Washington - The U.S. Forest Service today published in the Federal Register a proposed regulation that will improve the administrative review process for proposed projects and activities implementing land management plans.
The proposed rule is posted here.
The proposed rule for an objections process will be applied to all projects and activities that implement land management plans requiring an environmental analysis or environmental impact statement. The publication of the proposed rule will provide a 30-day public comment opportunity. All comments received will be considered before a final rule is published.
“This proposal will result in better, more informed project decisions, better documentation of environmental effects of agency proposals, and reduced regulation for administrative reviews,” said US Forest Service Chief Tom Tidwell.
The Forest Service has used a predecisional objection process for hazardous fuel reduction projects since 2004. This year Congress directed the Forest Service to also establish a predecisional objection process for other projects in lieu of the post-decisional appeal procedures in use with those projects since 1993.

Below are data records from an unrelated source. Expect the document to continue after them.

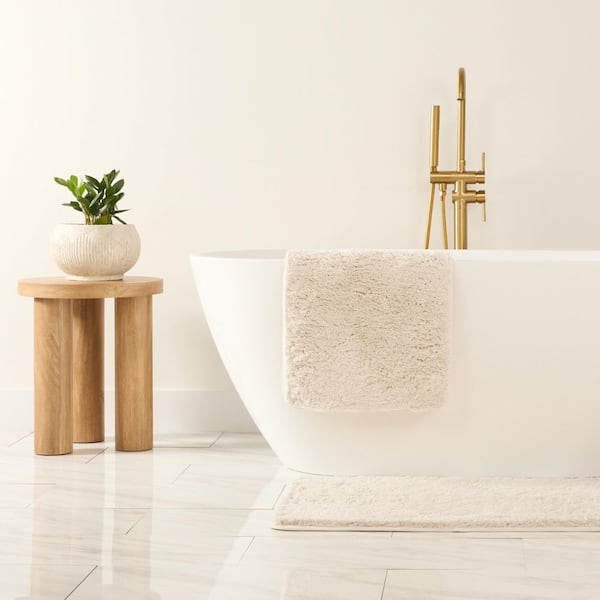 Becky Cameron Ultra Soft 24 in. x 17 in. Ivory Plush Bath Mat LLP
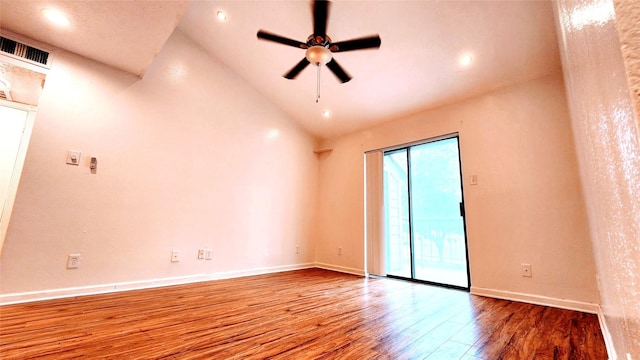 empty room featuring hardwood / wood-style floors, vaulted ceiling, and ceiling fan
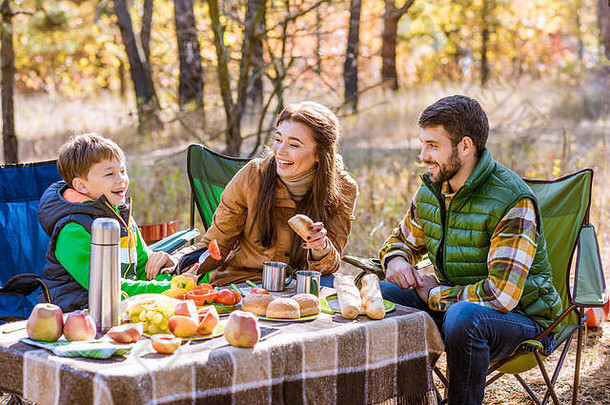 快乐微笑家庭吃有趣的坐着表格野餐秋天森林
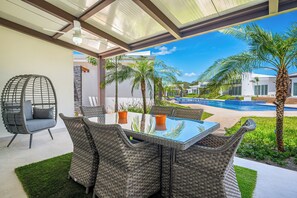 A modern outdoor seating area with wicker furniture and a glass table, overlooking a pool and palm trees. - Playa Avellanas Villa: Modern Luxury, Pool, Views (Playa Avellanas)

The mission of the Forest Service is to sustain the health, diversity, and productivity of the nation's forests and grasslands to meet the needs of present and future generations. The agency manages 193 million acres of public land, provides assistance to state and private landowners, and maintains the largest forestry research organization in the world. Forest Service lands contribute more than $13 billion to the economy each year through visitor spending alone. Those same lands provide 20 percent of the nation’s clean water supply, a value estimated at $27 billion per year.
USDA works with state, local, and Tribal governments and private landowners to conserve and protect our nation’s natural resources – helping preserve our land, and clean our air and water. President Obama launched the America’s Great Outdoors initiative in 2010 to foster a 21st century approach to conservation that is designed by and accomplished in partnership with the American people. During the past two years, USDA’s conservation agencies— the U.S. Forest Service , the Natural Resources Conservation Service, and the Farm Service Agency—have delivered technical assistance and implemented restoration practices on public and private lands. We are working to better target conservation investments: embracing locally driven conservation and entering partnerships that focus on large, landscape-scale conservation.